(Recorded data)
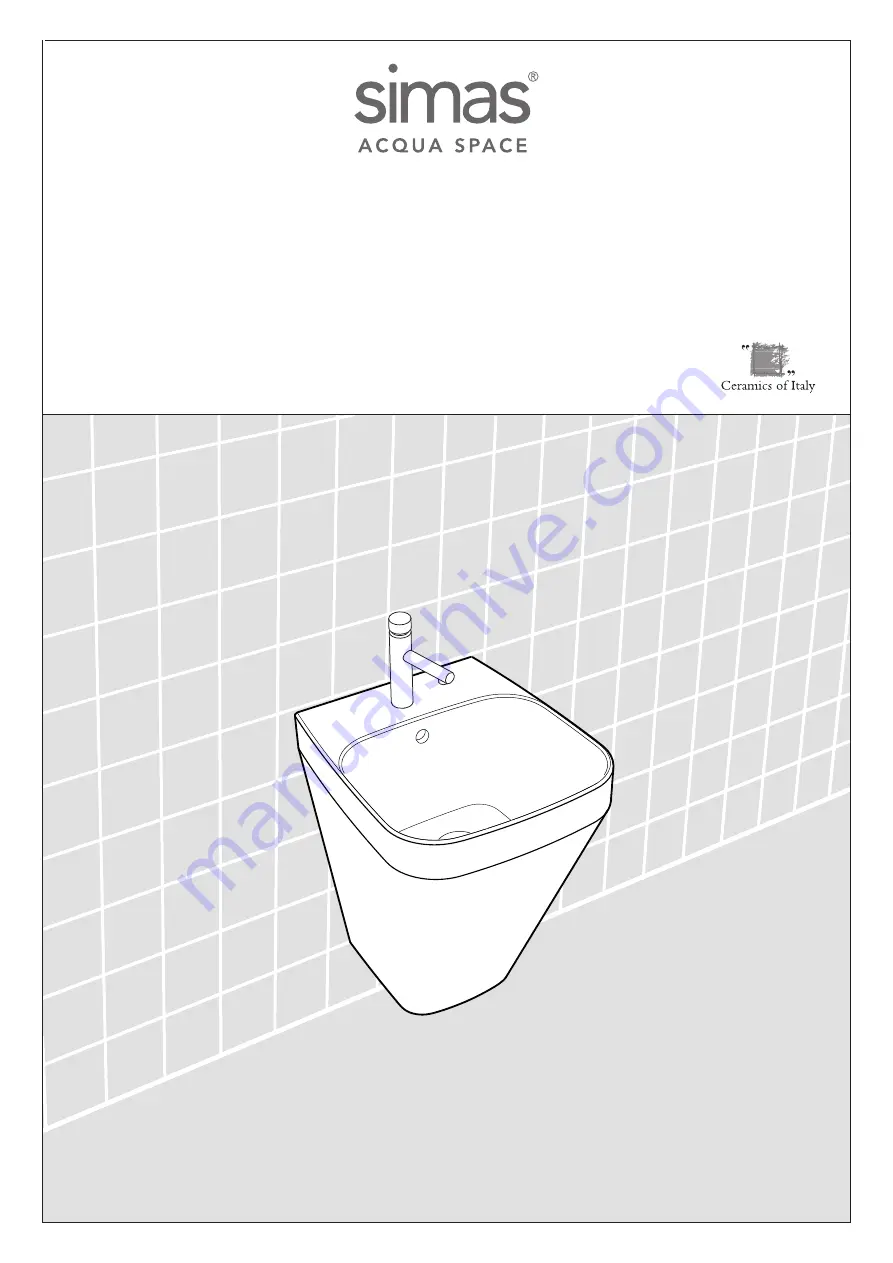 Simas Baden Baden Installation And Maintenance Instructions Manual Download Page 1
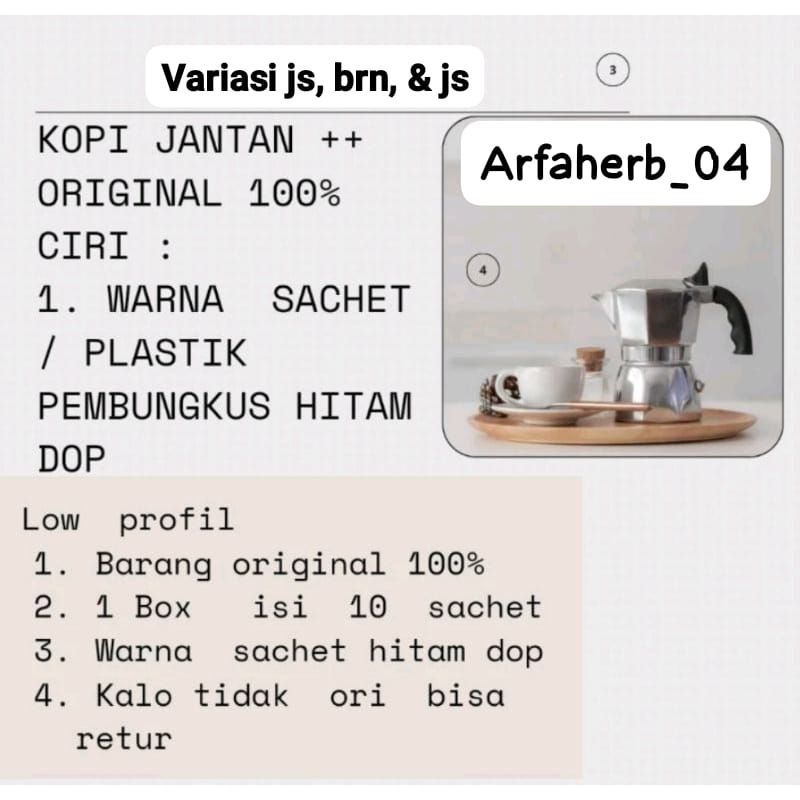 

KOPI HITAM Asli dengan variasi 100 %
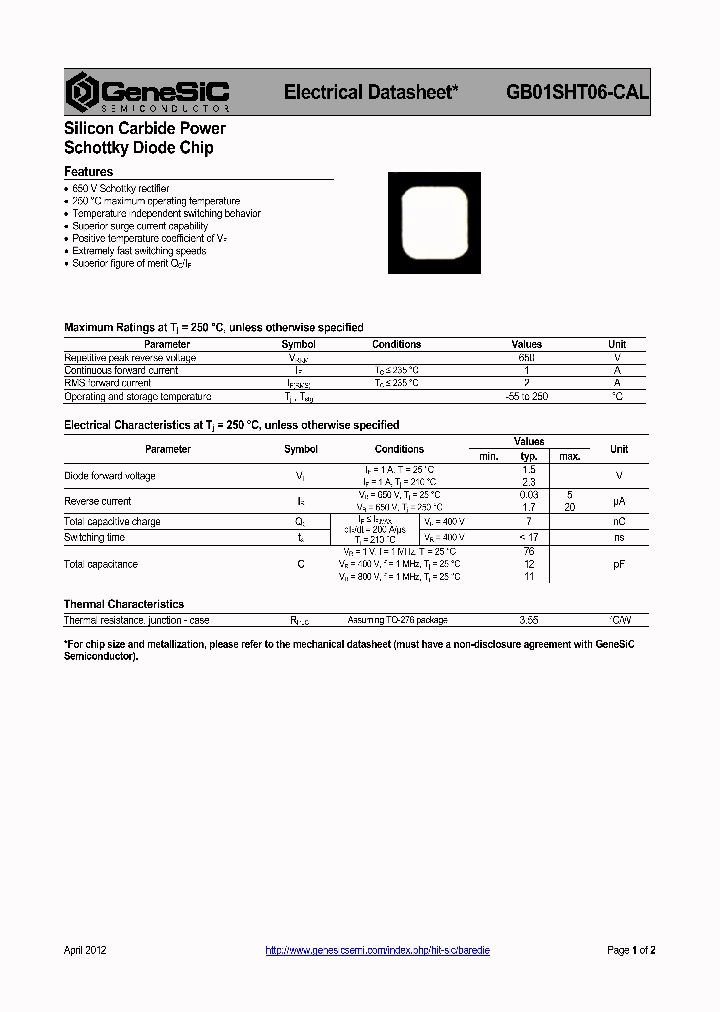 GB01SHT06-CAL_8171806.PDF Datasheet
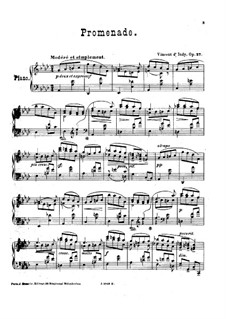 Promenade, Op.27: Promenade by Vincent d' Indy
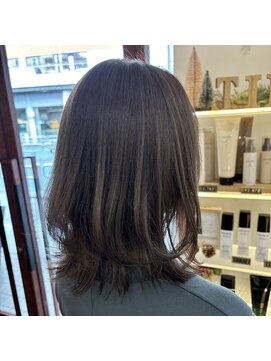 チップタップ 町田店(tip top) 【さすだ】レイヤーカット×暗めオリーブグレージュ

* **WHAT TO DO**: Write out every record exactly. Leave the pictures out.

* **TASK SOLUTION**:
 Simas Baden Baden Installation And Maintenance Instructions Manual Download Page 1

KOPI HITAM Asli dengan variasi 100 %
 GB01SHT06-CAL_8171806.PDF Datasheet
 Promenade, Op.27: Promenade by Vincent d' Indy
 チップタップ 町田店(tip top) 【さすだ】レイヤーカット×暗めオリーブグレージュ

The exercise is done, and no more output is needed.